2022 was a tough year in terms of cybersecurity. The number of ransomware attacks increased by 82% and at least 2,400 companies were targeted. Small companies as well as giants such as Twitter and Uber have been affected.
According to the report by Cyberthint, ransomware mostly affected the service sector with 32%, followed by manufacturing with 12%.
Last year also showed the emergence of new APTs. Spring4Shell, SAP ICMAD, ProxyNotShell, and Log4Shell are among the most exploited vulnerabilities.
The hacker’s prime target was credit card data, with almost 30 million cards being stolen. Theft logs are also large at around 3 million; the list continues with web shells, SMTP hacks, and RDP hacks with much smaller volumes.
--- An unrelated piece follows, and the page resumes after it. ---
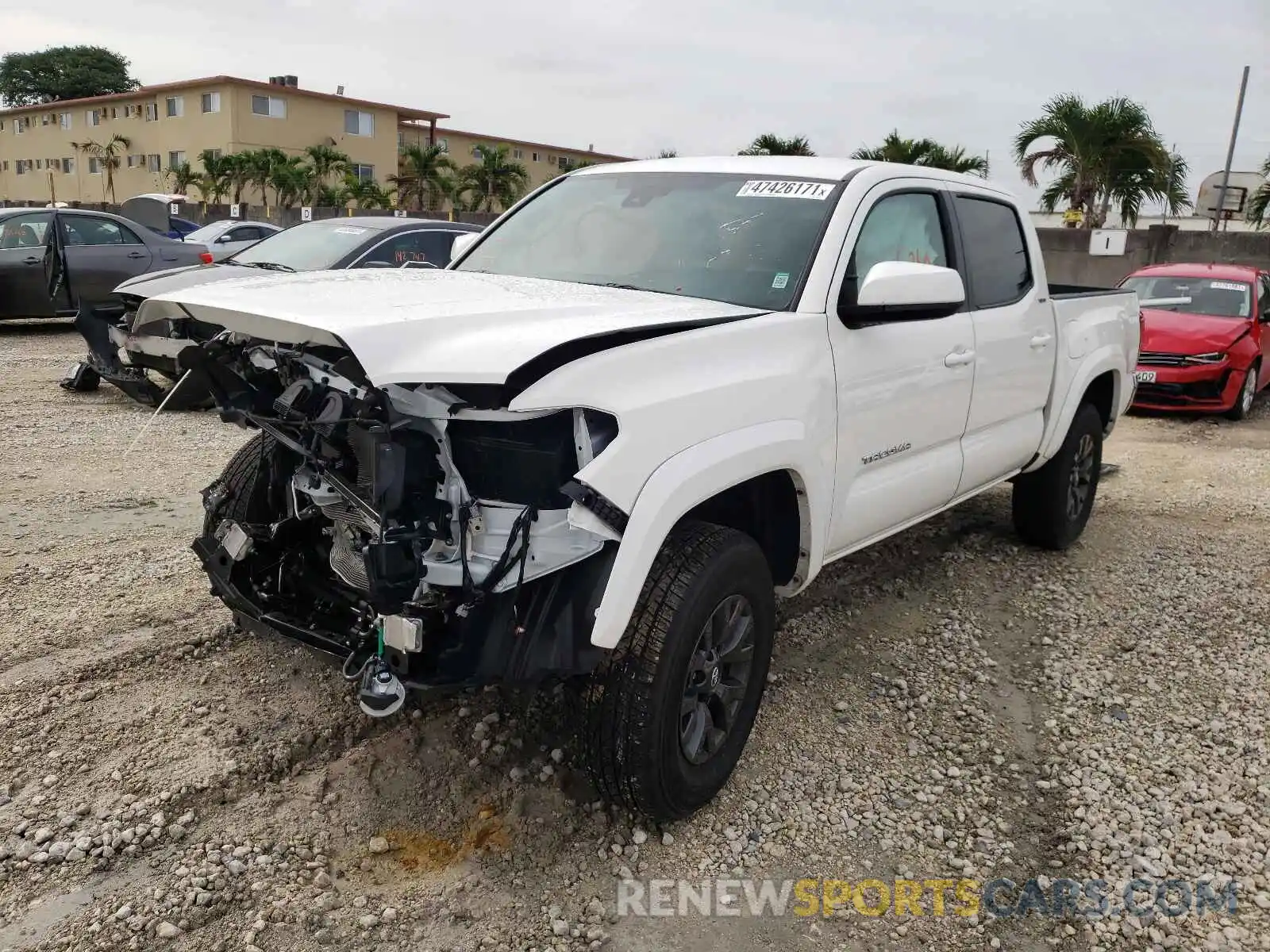 2 Photograph of a damaged car 3TYAZ5CN1LT002327 TOYOTA TACOMA 2020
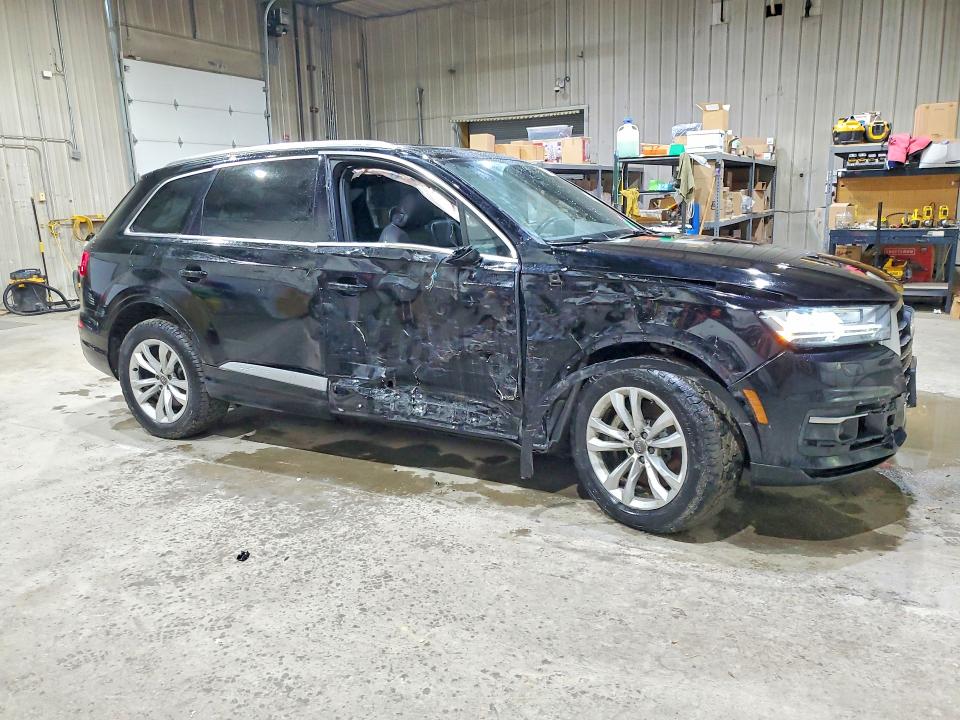 Продаж на аукціоні авто 2017 Audi Q7, vin: WA1LAAF71HD031423, номер лоту: 46134456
The report also includes predictions for 2023. The most notable include possible nation/state cyber attacks, increased ransomware attacks, deep fake scams, cyber threats affecting mobile devices, and more.
To protect against cyber-attacks, we recommend adhering to general tips on personal and corporate cyber-security. Keep up-to-date with the versions of the software you use and install security updates. Given the rise of phishing and social engineering attacks, pay more attention when receiving emails, especially if the sender is not a trusted person. Inform employees about new phishing schemes, tactics and techniques.
Increase the security of web resources at the company perimeter with advanced security measures, such as Web Application Firewalls (WAF). To prevent malware from infecting your device, we recommend using sandboxes that analyze the behaviour of files in a virtual environment and detect malicious activity.